Exercise — Transcribe the data as written, minus images.

Data extracted from a collection
# # #

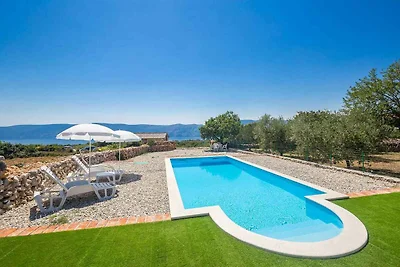 Vakantiehuis Ontspannende vakantie Brzac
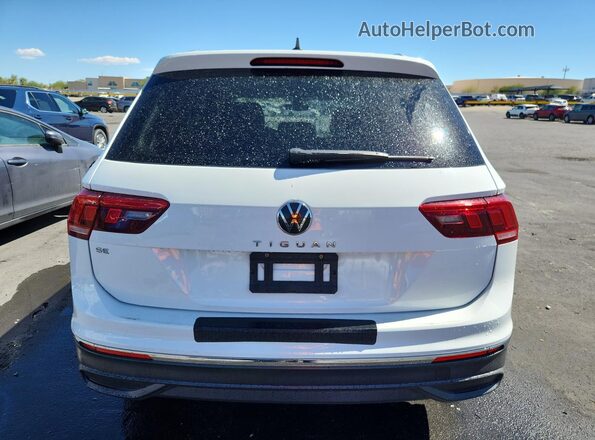 3VV3B7AX6RM044043 2024 VOLKSWAGEN TIGUAN White Vista interior de 360 grados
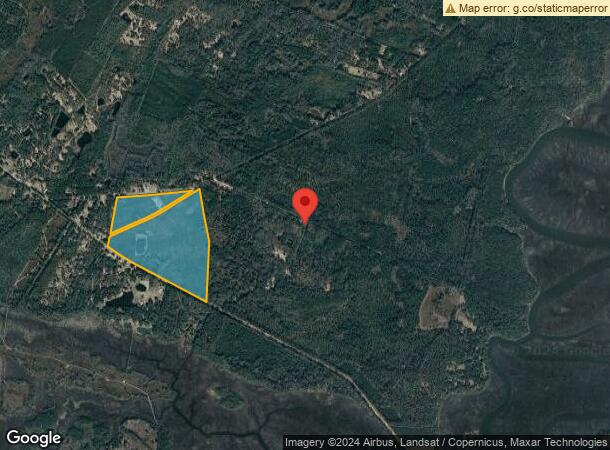  670 Old Seabrook School Rd, Midway, GA Parcel Map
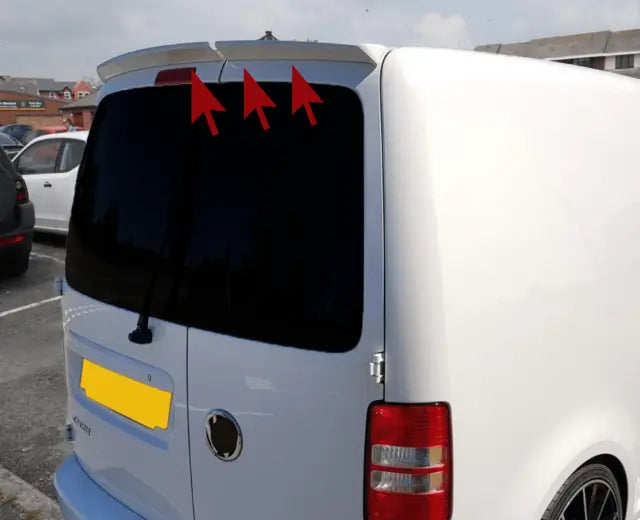 CADDY ROOF SPOILER (BARN DOORS)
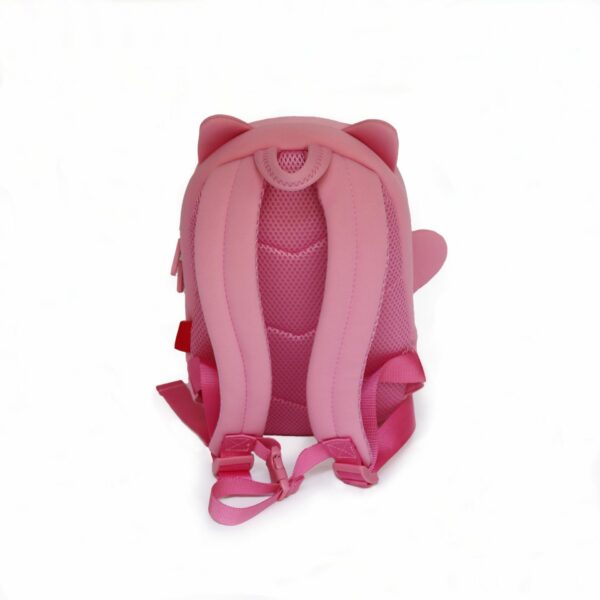 Mochila Neopreno Gato Rosa - Imagen 5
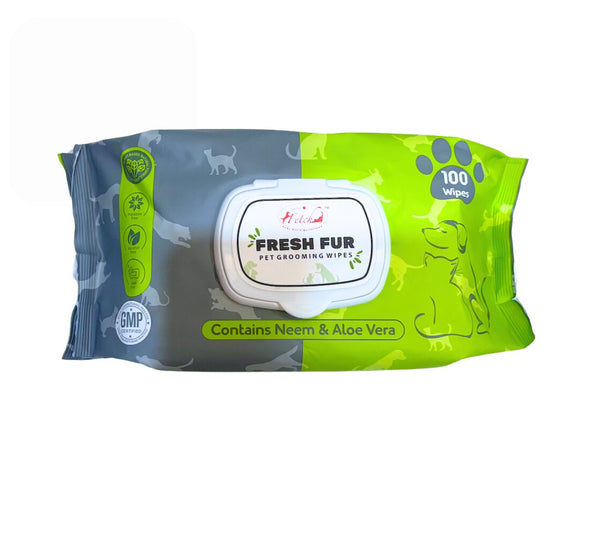 Fresh Fur Pet Wipes - Fetch Catoz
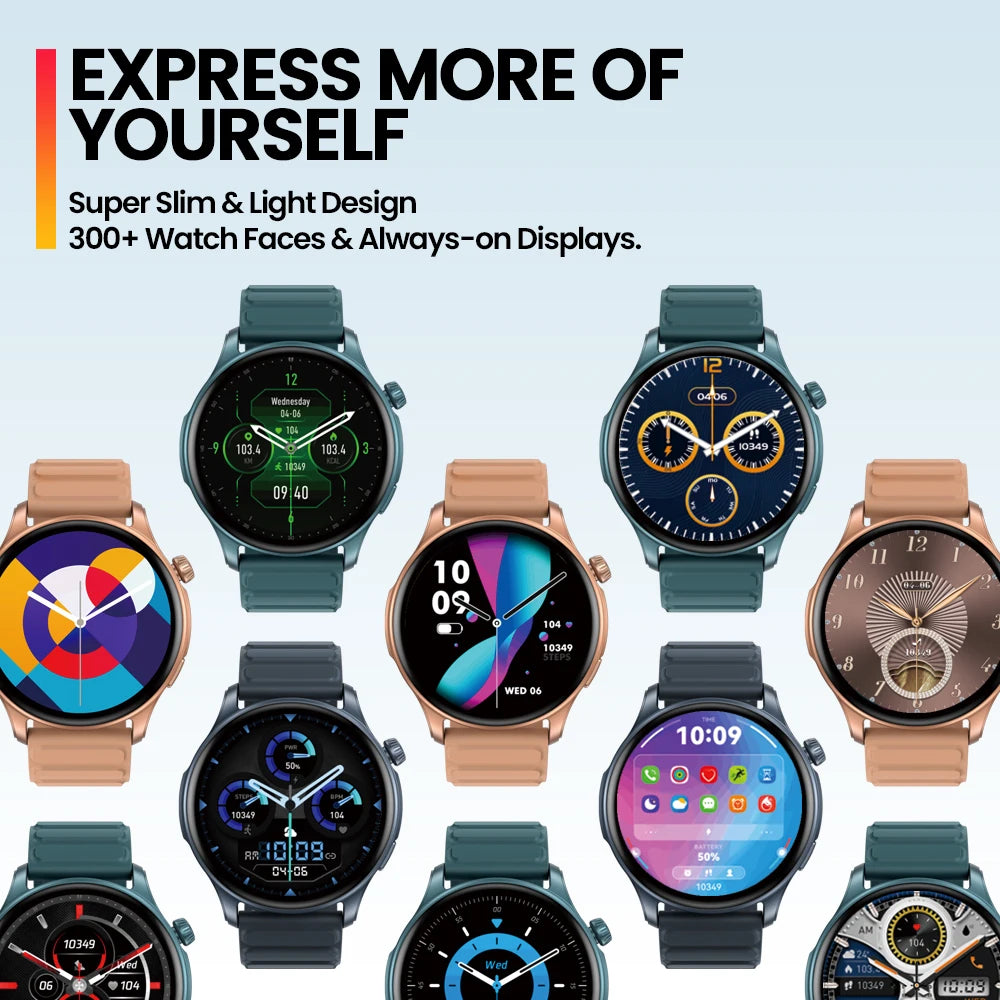 Smartwatch Zeblaze Btalk 3 Pro – AMOLED y llamadas Hi-Fi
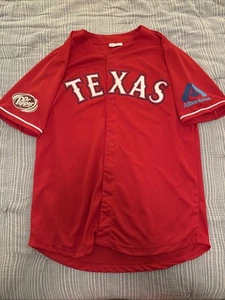Yu Darvish Texas Rangers Red Giveaway Jersey - Picture 1 of 2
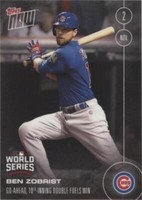 2016 Topps Now - Ben Zobrist #660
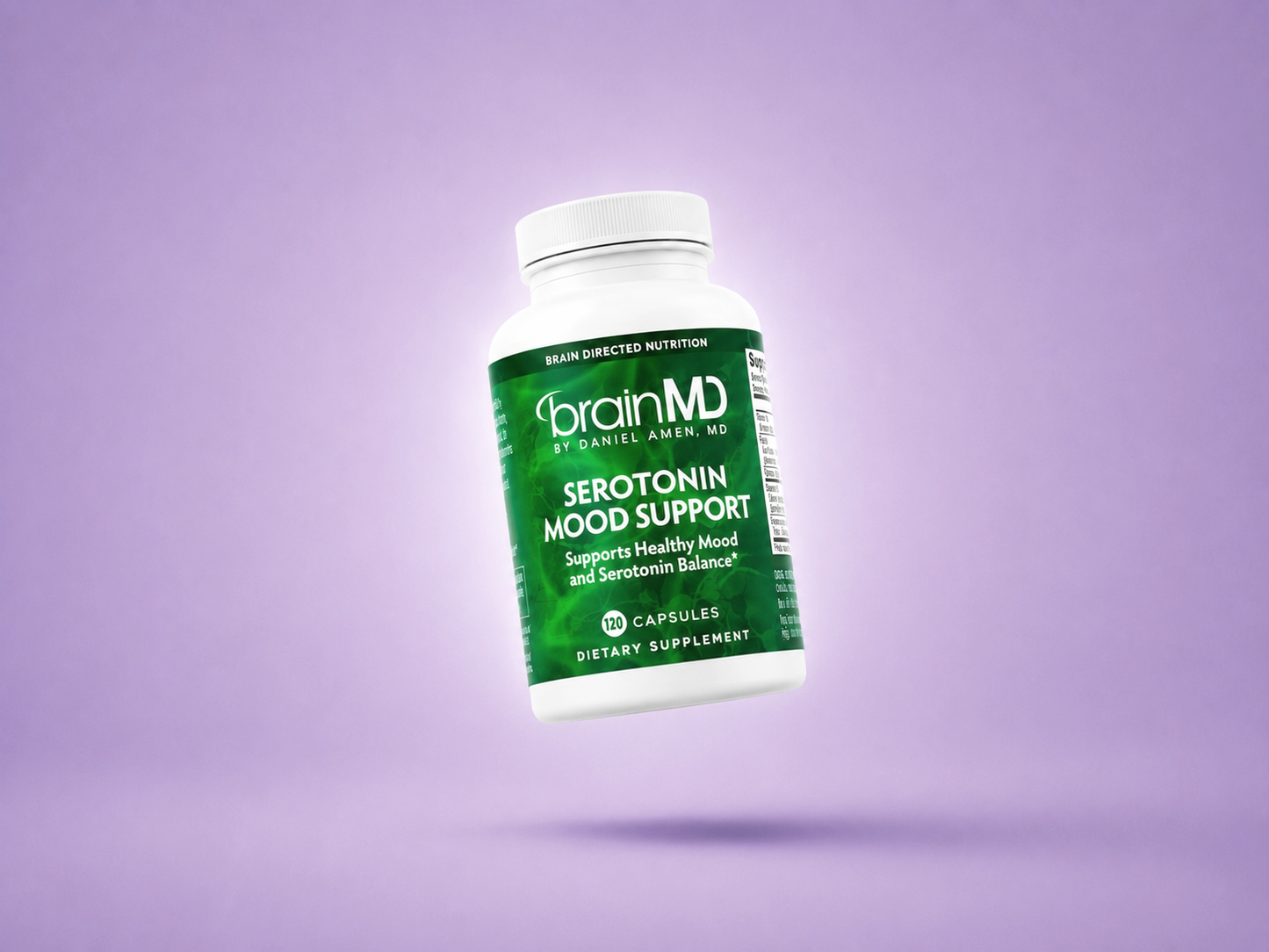 Serotonin Mood Support – Positive Mood & Serotonin Balance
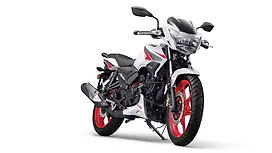 TVS Apache RTR 160 Right Front Three Quarter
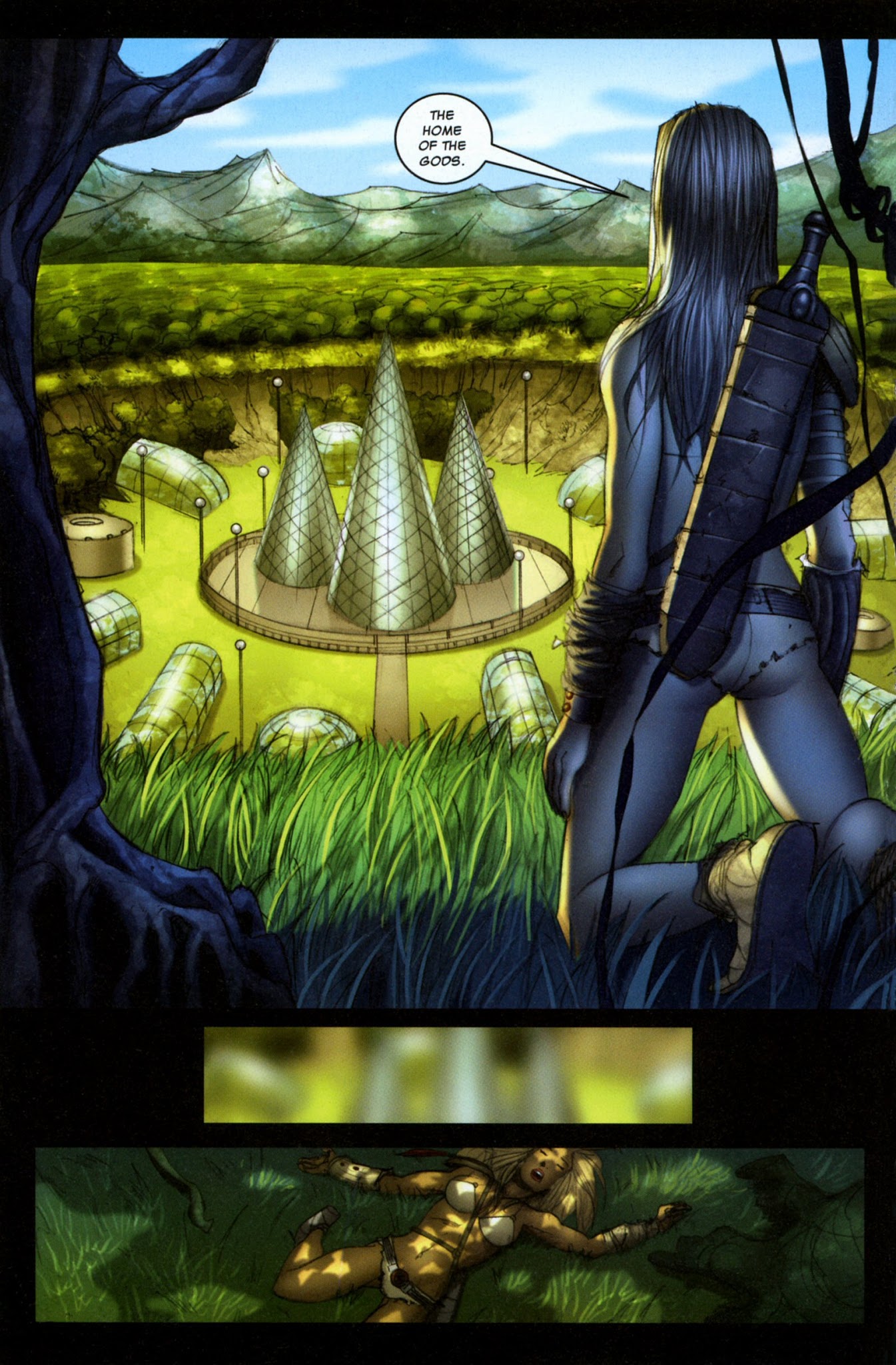 Read online The Lexian Chronicles: Full Circle comic -  Issue # TPB 2 - 136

# # #

Exercise answer —
 Vakantiehuis Ontspannende vakantie Brzac
 3VV3B7AX6RM044043 2024 VOLKSWAGEN TIGUAN White Vista interior de 360 grados
  670 Old Seabrook School Rd, Midway, GA Parcel Map
 CADDY ROOF SPOILER (BARN DOORS)
 Mochila Neopreno Gato Rosa - Imagen 5
 Fresh Fur Pet Wipes - Fetch Catoz
 Smartwatch Zeblaze Btalk 3 Pro – AMOLED y llamadas Hi-Fi
Yu Darvish Texas Rangers Red Giveaway Jersey - Picture 1 of 2
 2016 Topps Now - Ben Zobrist #660
 Serotonin Mood Support – Positive Mood & Serotonin Balance
 TVS Apache RTR 160 Right Front Three Quarter
 Read online The Lexian Chronicles: Full Circle comic -  Issue # TPB 2 - 136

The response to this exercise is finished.